> _Exercise prompt_
Beginning with the line that holds "American Homes 4" and ending with the last line, please repeat the entries exactly and omit the pictures.

> _Source data_
──────
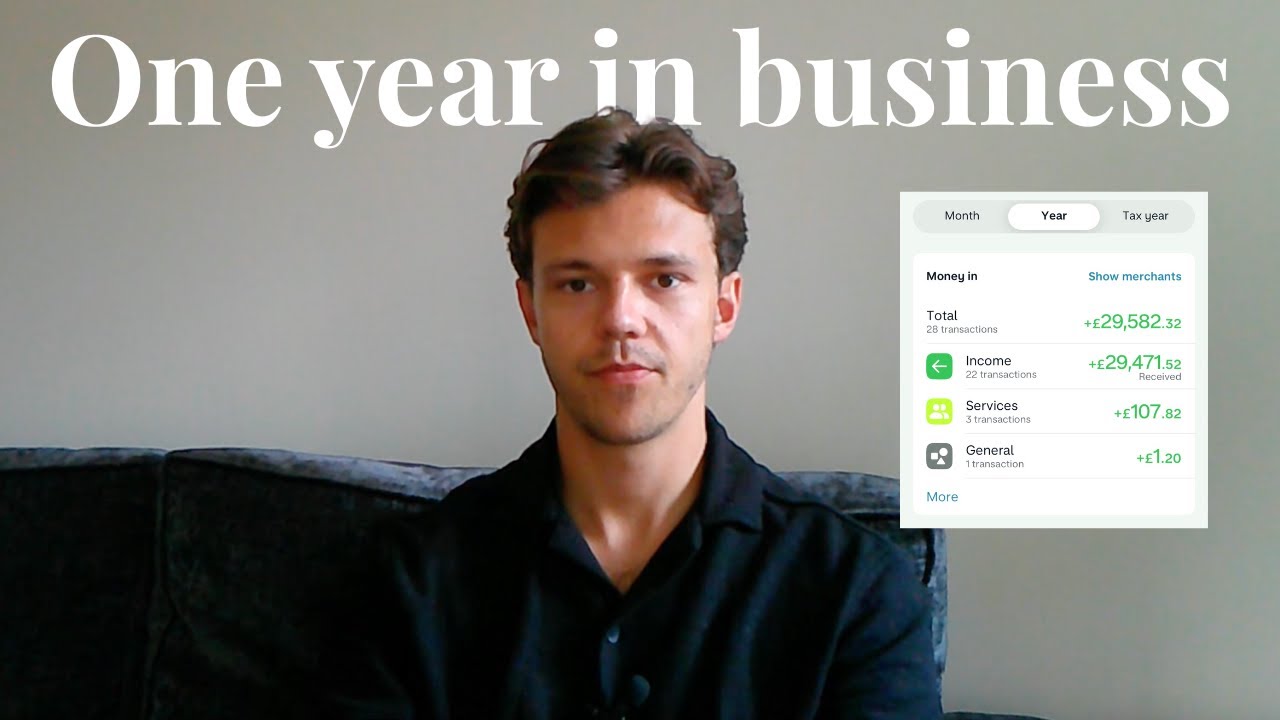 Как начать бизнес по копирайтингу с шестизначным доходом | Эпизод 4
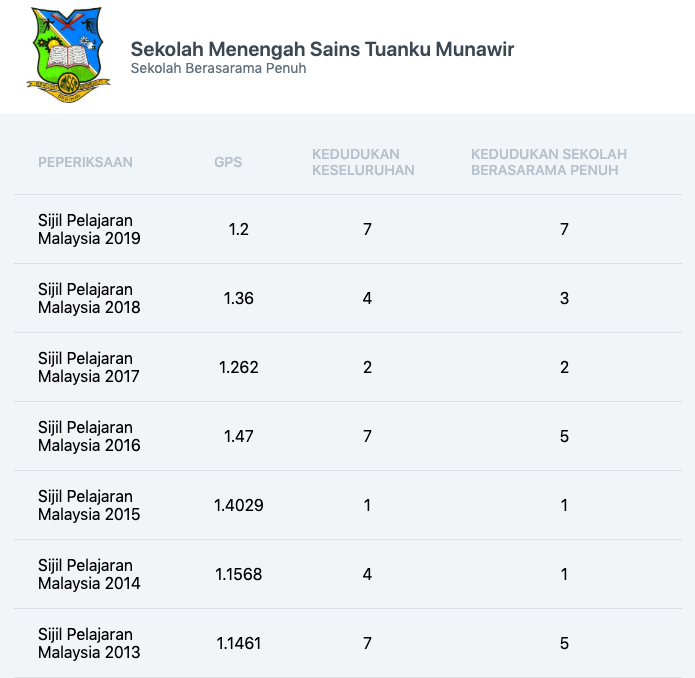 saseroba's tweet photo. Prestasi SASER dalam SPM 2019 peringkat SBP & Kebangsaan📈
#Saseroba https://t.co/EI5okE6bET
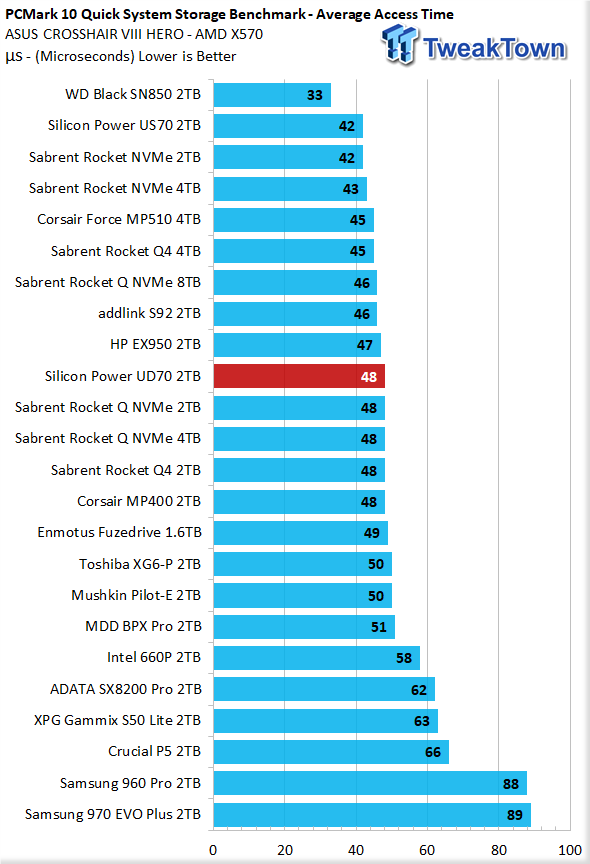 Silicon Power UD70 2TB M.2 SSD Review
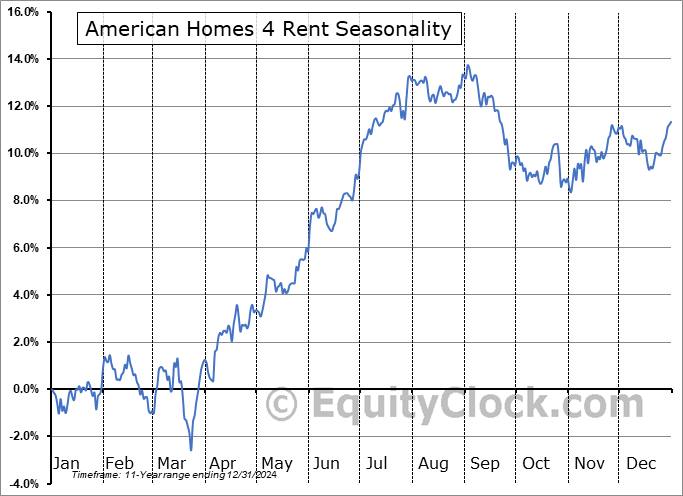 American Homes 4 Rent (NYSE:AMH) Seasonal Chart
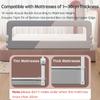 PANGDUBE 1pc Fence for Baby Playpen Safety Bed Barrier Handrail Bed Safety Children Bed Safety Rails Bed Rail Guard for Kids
──────
> _Task output_
 American Homes 4 Rent (NYSE:AMH) Seasonal Chart
 PANGDUBE 1pc Fence for Baby Playpen Safety Bed Barrier Handrail Bed Safety Children Bed Safety Rails Bed Rail Guard for Kids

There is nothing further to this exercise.